Denúncias e protestos –
Segundo François Houtart, o Tribunal dos Povos não tem poder jurídico ou punitivo, mas tem “poder moral”. “Não é um ato político de solidariedade, nem uma festa popular. Trata-se de realizar a síntese analítica de informações e estabelecer conclusão ética, sincera e popular”, declarou o juiz do evento. Com o início dos depoimentos, não faltaram denúncias de abusos praticados no governo Bush. “Para detonar os palestinos, os Estados Unidos doam a Israel US$ 5 bilhões por ano. É a maior ajuda de país a outro no mundo atual”, destacou Fawzi El-Mashni, representante da resistência palestina. “Bush e seu governo fascista querem acabar com a autodeterminação dos povos e criar a ingovernabilidade”, reforçou o tenente-coronel venezuelano Héctor Herrera Jiménez, da Frente Cívico Militar Bolivariana.

“Inimigo dos trabalhadores no mundo inteiro” foi como o presidente da CUT, João Felício, classificou Bush. “Ele não tem o direito de dizer como devemos nos organizar politicamente.” João Paulo, do Movimento dos Trabalhadores Rurais Sem-Terra e da Via Campesina, disse que o Brasil tem versões camufladas do presidente americano: “Nossos Bushs são os Bornhausens e Alckmins da vida.”

O advogado de defesa, João Roberto Cavalcanti, disse que sua presença não simbolizava uma concessão aos Estados Unidos, mas uma homenagem à Justiça. “Todos temos o direito de nos defender. Até Bush”, discursou. Sua linha de raciocínio pregava que “todos os imperialismos são ruins” e, por isso, é precipitado julgar isoladamente o “imperialismo de Bush”. Lida a peça acusatória, o promotor, Morse Lyra, procurador em Recife, quebrou o protocolo. A fim de enfatizar seu compromisso com as lutas de resistência, tirou o terno e abriu a camisa, mostrando a camiseta que vestia, com a estampa de Ernesto “Che” Guevara. Também pôs uma boina à moda do guerrilheiro argentino, que triunfou na Revolução Cubana de 1959.

No final, o corpo de jurados, com representantes das entidades nacionais que organizam o Tribunal, condenou George W. Bush pela prática de 15 crimes, como a “invasão e subseqüente ocupação e recolonização do Iraque, num flagrante desrespeito à soberania e a vontade do povo iraquiano e numa grave violação do direito internacional” Os aplausos finais do público ratificaram a proposta de resistência e combate a seu governo. A sentença final vai ser encaminhada à Organização das Nações Unidas e ao Tribunal Penal Internacional, em Haia.

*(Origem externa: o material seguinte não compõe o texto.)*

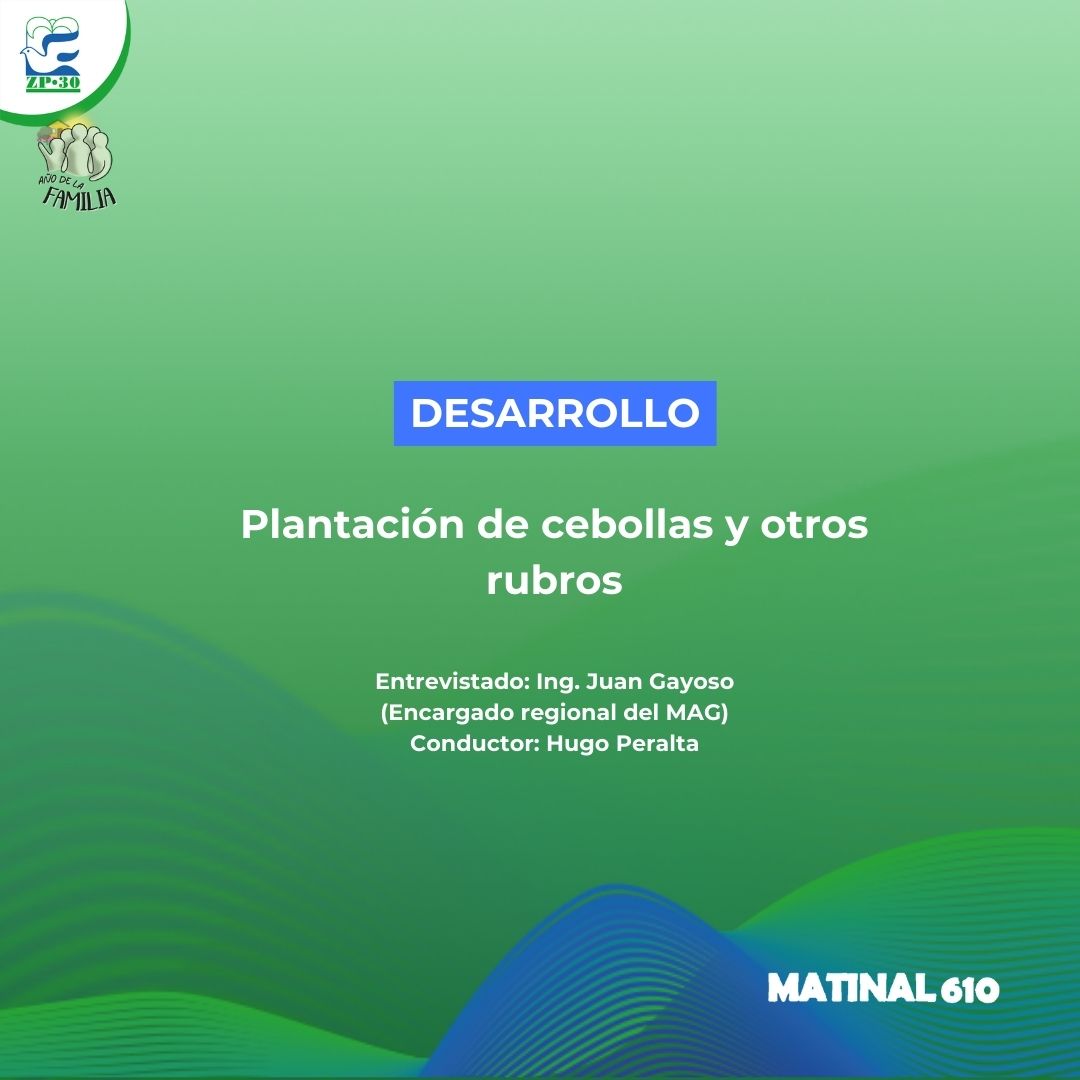 Plantación de cebollas y otros rubros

Na avaliação de Socorro Gomes, os dois objetivos políticos do ato foram cumpridos. Um desses objetivos, de acordo com a presidente do Cebrapaz, era “fazer a denúncia vigorosa do imperialismo, da guerra e da política americana de destruição e pilhagem. Os Estados Unidos são uma ameaça à humanidade toda, em especial o Afeganistão e o Iraque — e, agora, Síria e Irã.”

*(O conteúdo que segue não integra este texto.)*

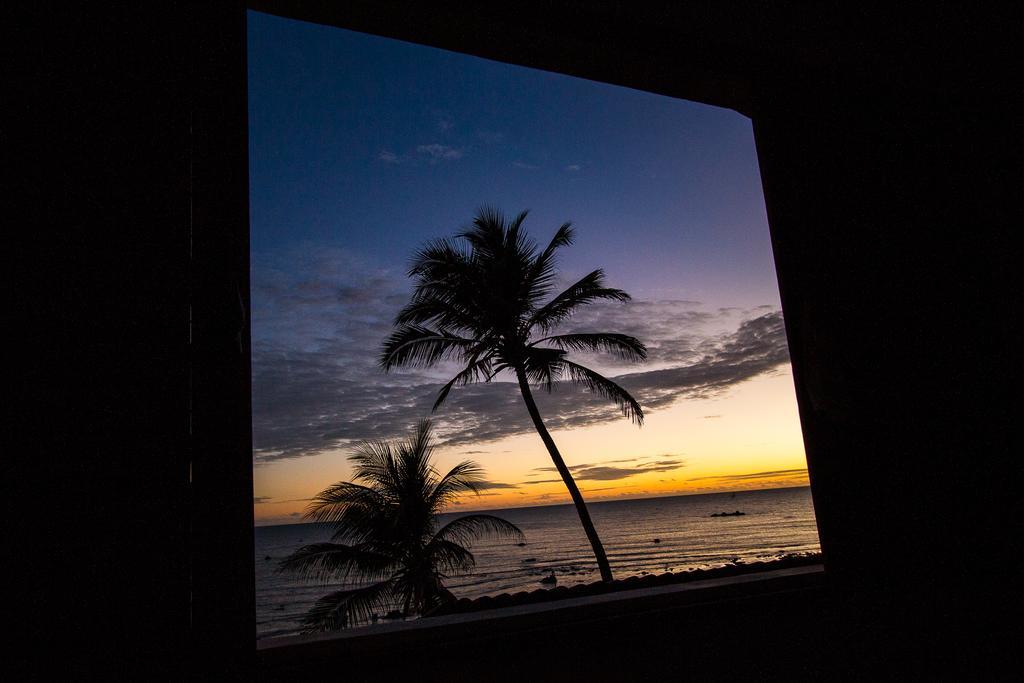 Хостел Aloha Икапуи Экстерьер фото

O fortalecimento de “uma corrente política e cultural antiimperialista, contra a guerra e pela paz” foi o segundo objetivo cumprido no Tribunal. “Esse evento demonstra a sensibilidade e a sintonia de todos os movimentos sociais que aderiram à causa contra a guerra”, diz Socorro, que também destacou a participação das testemunhas especiais de vários países — Venezuela, Cuba, Palestina: “É uma causa ampla, que só não interessa a Bush e seus asseclas, com sua política imperialista e genocida.”

Confira os participantes do Tribunal dos Povos

– Presidente do Tribunal:
François Houtart (sacerdote e sociólogo belga, que representou o Tribunal Internacional dos Povos, para a instalação da sessão brasileira do Tribunal).
– Promotor: Dr. Morse Lyra (advogado e procurador na cidade de Recife).
– Assistente da Promotoria: Dr. Gilberto Marques (advogado criminalista de Recife).
– Advogado de defesa: Dr. José Roberto Cavalcanti (advogado de Recife).
– Testemunhas de Acusação: Adriana Perez (cubana, esposa de um dos cinco patriotas cubanos presos pelos Estados Unidos); Fawzi El-Mashni (palestino); Héctor Herrera Jiménez (tenente-coronel da Frente Cívico Militar da Venezuela); Gustavo Petta (presidente da União Nacional dos Estudantes); João Felício (presidente da Central Única dos Trabalhadores); e João Paulo (do Movimento dos Trabalhadores Rurais Sem Terra).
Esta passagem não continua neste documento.